この場合、収入源が複数になりますし、物販のような単発での売上なのか、それともスポンサー契約のような継続的な売上なのかの違いも出てきます。

収益モデルという考え方が頭にあることで、自社の事業そのものの収益構造が整理できると共に、自社のビジネスモデルを検討していくための議題も明確になります。
例えば、小売業における収益増大の論点は、一般的には「単価向上」と「客数増大」の2点で論じられることが多いと思います。この2点を重要論点として、マーケティング施策を検討していく流れが一般的です。確かにその通りですが、これを収益モデルという最上位レイヤーの視点で考えると、サブスクリプションモデルへの転換や、販売ではなくレンタルというモデル等、ビジネス全体を俯瞰した新たな視点の広がりが出てきます。

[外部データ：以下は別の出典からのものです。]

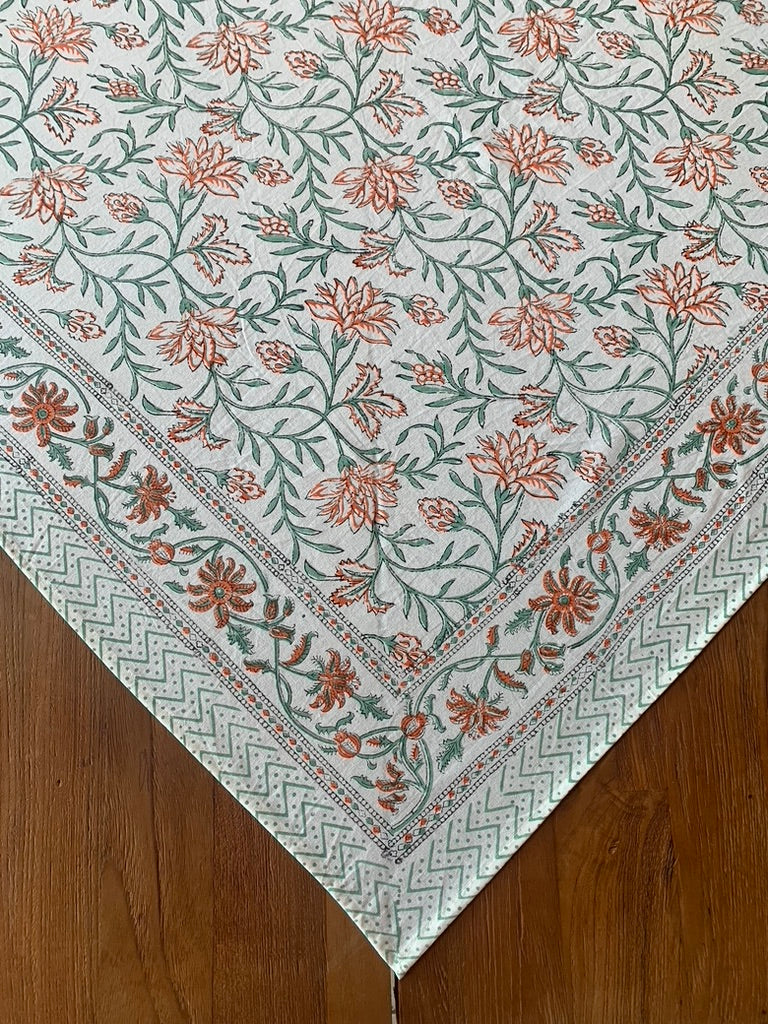 Block print tablecloths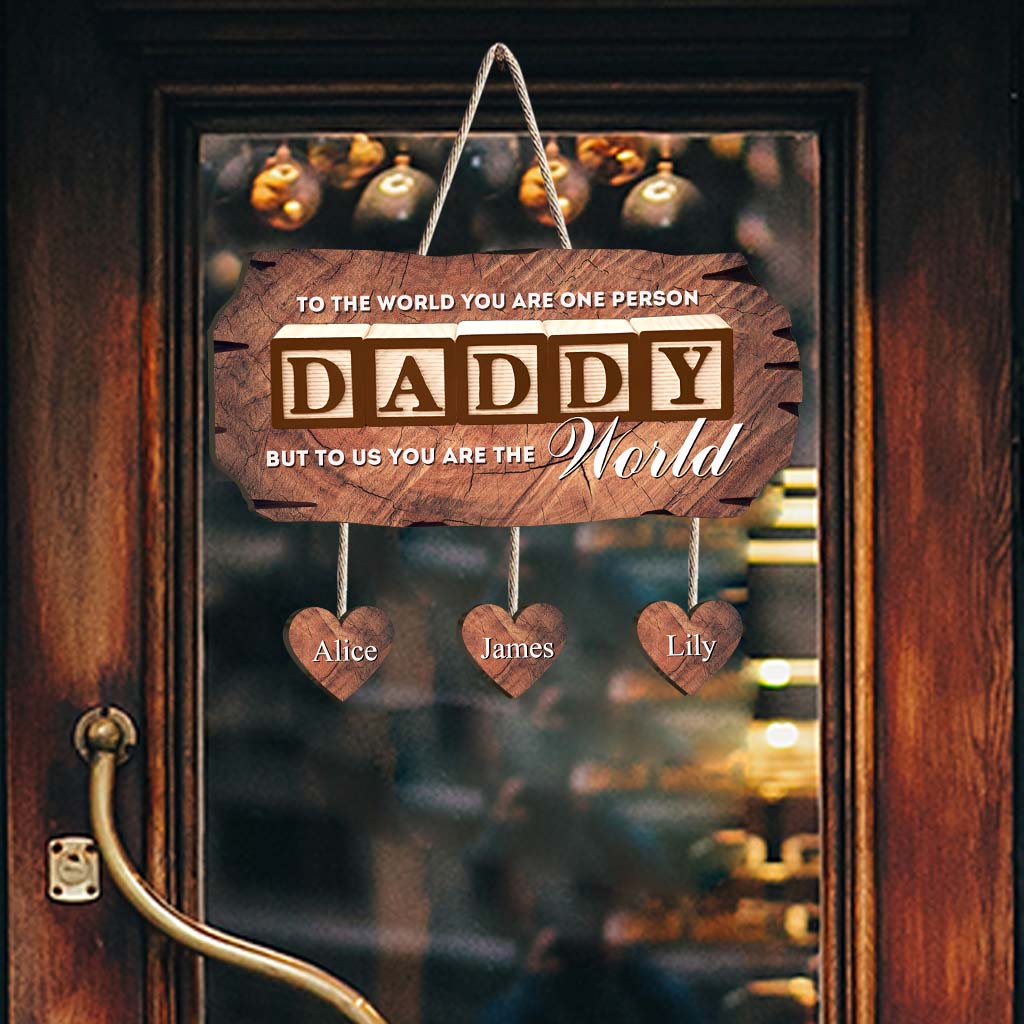 Tu es le monde - Panneau personnalisé pour père en bois de palette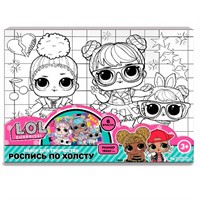 Набор для творчества Холст для росписи 15*20 см Лол МУЛЬТИ АРТ CANV15X20-128632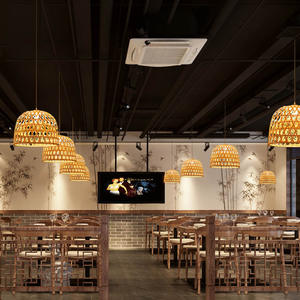 Lustre japonais en rotin Restaurant Lampe en rotin tissé à la main Asie du Sud-Est Café Restaurant <span class=keywords><strong>Salon</strong></span> de thé Lampe boule de sésame - Product Image 2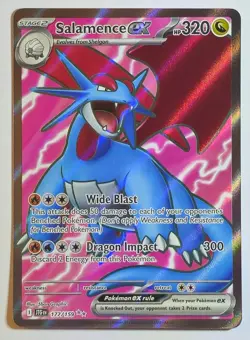 Salamence ex 177/159 Ultra Rare Journey Together Pokemon TCG & Bonus Card - Image 2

なお、収益モデルと近しい概念としてよく使われる言葉に、ビジネスモデルが挙げられます。
ビジネスモデルを整理するフレームワークとして最近よく使われる「ビジネスモデルキャンバス」では、ビジネスモデルを「提供価値」「顧客種別」「販路」「顧客との関係」「自社資源」「主要活動」「主要なパートナー」「コスト構造」「収益の流れ」の9つのブロックで整理しています。ビジネスモデルは収益モデルを内包している概念で、ビジネスモデルキャンバスは自社の事業モデル自体を整理すのに非常に有用ですので興味のある方はご覧になってください。

プラン

次にプランです。
最上位レイヤーの収益モデルは、ビジネスモデルに組み込まれる要素でもあり、そう頻繁には変更するものではありません。しかしプランでは、やや自由度が高まります。選択肢の幅が広く、プライシングの面白みが詰まったレイヤーともいえます。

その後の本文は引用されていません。